きゃはは^^;受けましたわ~~お写真を拝見しましたが正に『言いえて妙』ですわね。

>やはりオペラです。舞台を観ながら聴けて、よかったです
コレに尽きるでしょうね!楽しめたとのこと、何よりです^^
by ヴァラリン (2005-06-03 23:38) 

Sardanapalus

>テームズ河からはいあがって来たファルスタッフ
あははははは(爆笑)縦にも横にも大きい人ですね!写真だと何だか縮尺が間違ってるように見えてしまいます。フィデリオがホビットみたいで(笑)

「フィデリオ」は一度生で見たいんですけどね、なかなか機会が無くて…。素晴らしい演出と演奏だったようで、羨ましいです。本当に、こんなかっこいいフィデリオなら違和感も無いしオペラに入り込めますね。
by Sardanapalus (2005-06-04 20:56) 

Forte

フィデリオはばらの騎士などと同様に、僕にとってかなり初期の段階で好きになった思い入れのあるオペラの一つなんです。でも、残念ながら舞台に接したことがないので、ぜひ、観てみたいですね~。なんだかeuridiceさんの報告を読んでいたら新宿に飛んでいきたくなりました(笑)。

かつて、ザルツブルク音楽祭で大好きなアダムが実に憎憎しくピッツァロを演じたマゼール指揮の上演やバーンスタインのウィーンでの上演記録が好きです。

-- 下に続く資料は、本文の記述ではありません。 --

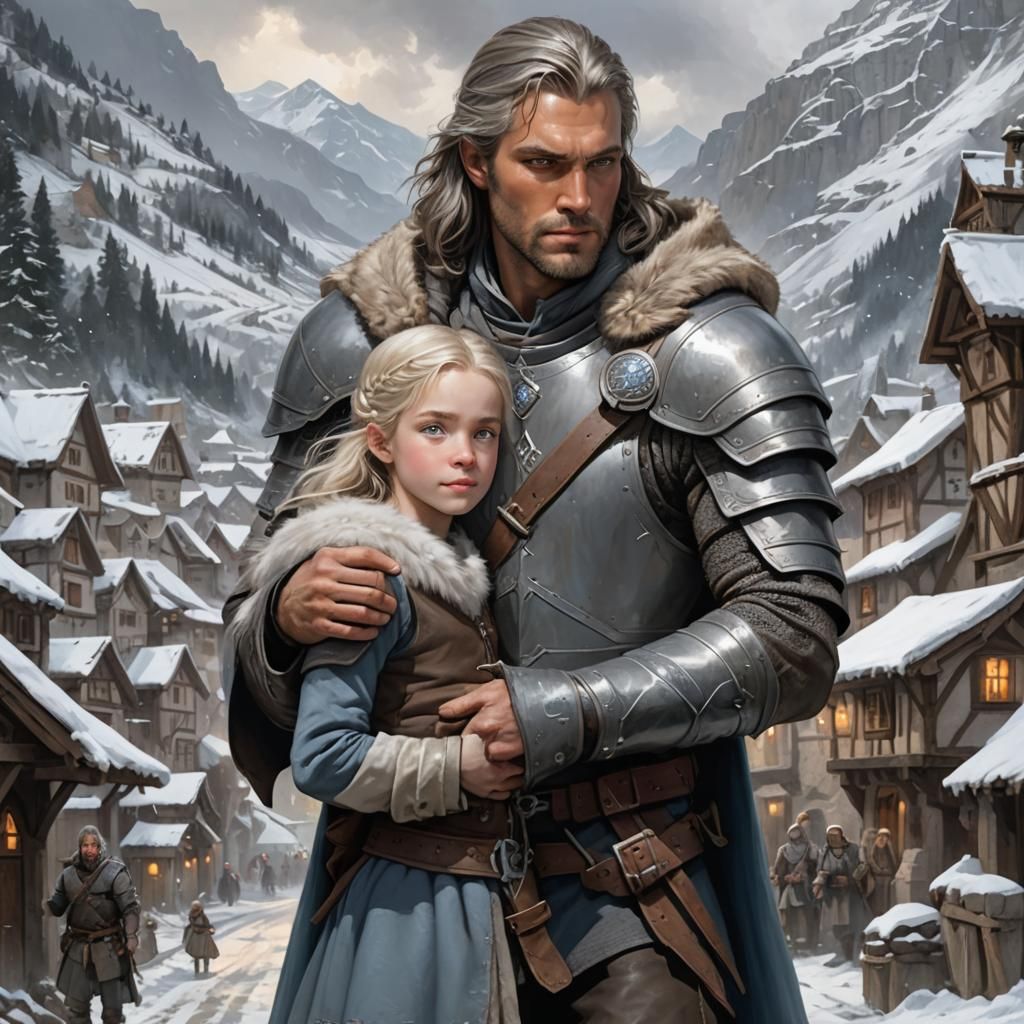 Medieval Father and Daughter in Snowy Village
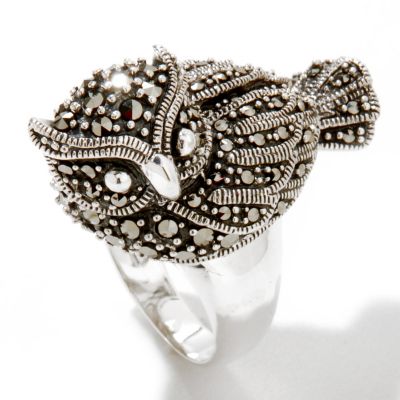 120-374 - Gem Treasures Sterling Silver Marcasite Owl Ring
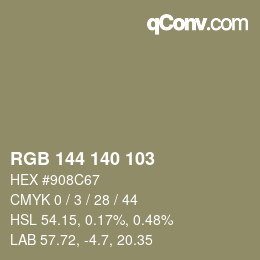 颜色代码: RGB 144 140 103 | qconv.com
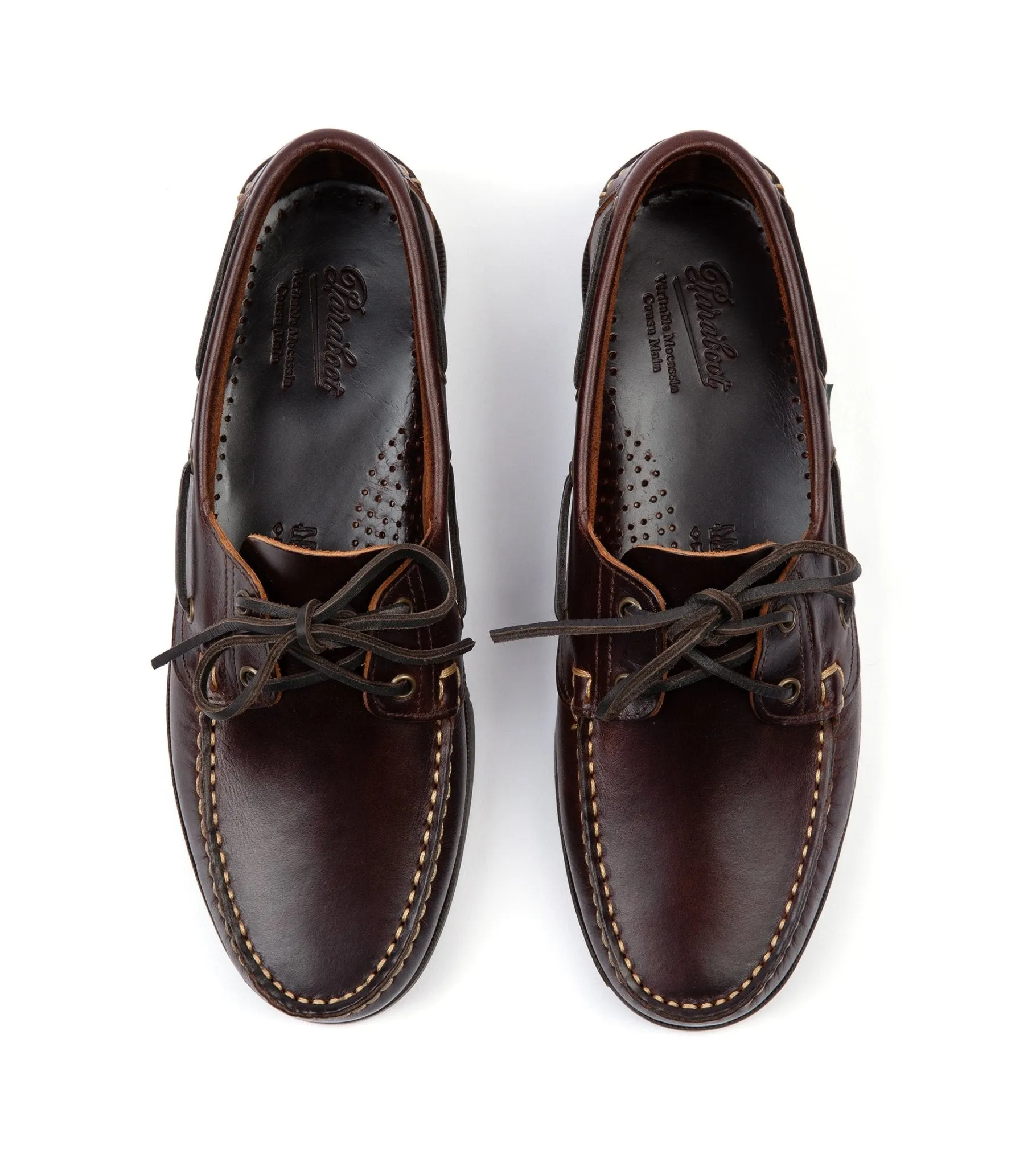 Paraboot Barth Leather Boat Shoe: Burgundy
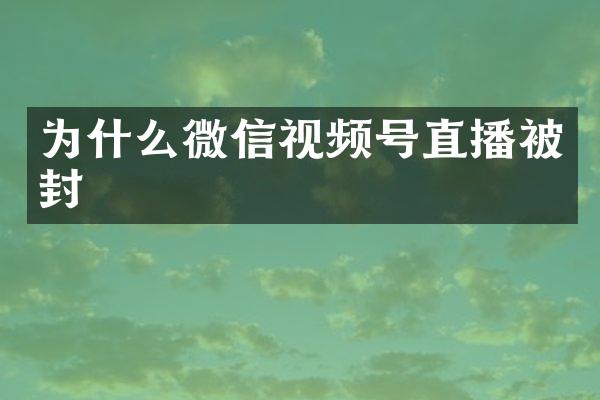 为什么微信视频号直播被封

かつてのベームやカラヤンなどの名演もあってか、トリスタンなど同様、結構、指揮者が目立つ作品だと思いますね。そこらあたりはやっぱりベートーヴェンだな~と思いますけど、今回のオケピットはどうでしたか?
by Forte (2006-12-09 23:14) 

euridice

もしまた再演があったらぜひ!
>アダム
ザルツブルクの映像は、見たことがありませんが、CDはショルティのを専ら^^; 聴いてますが、アダムのピッツァロ、いいですね。
>バーンスタイン
のゾーティンも、これはテレビで見ましたが、冷たい雰囲気が好きです。

>今回のオケピット
私の意見は、印象でしかないのですが、昨年の初演時のほうがよかったなぁ・・・というところです^^;;。表現が繊細で豊かだったように思います。今回、全体的に大味に感じたのは、演技も歌も、そして、たぶんオーケストラもそうだったんだろうと思います。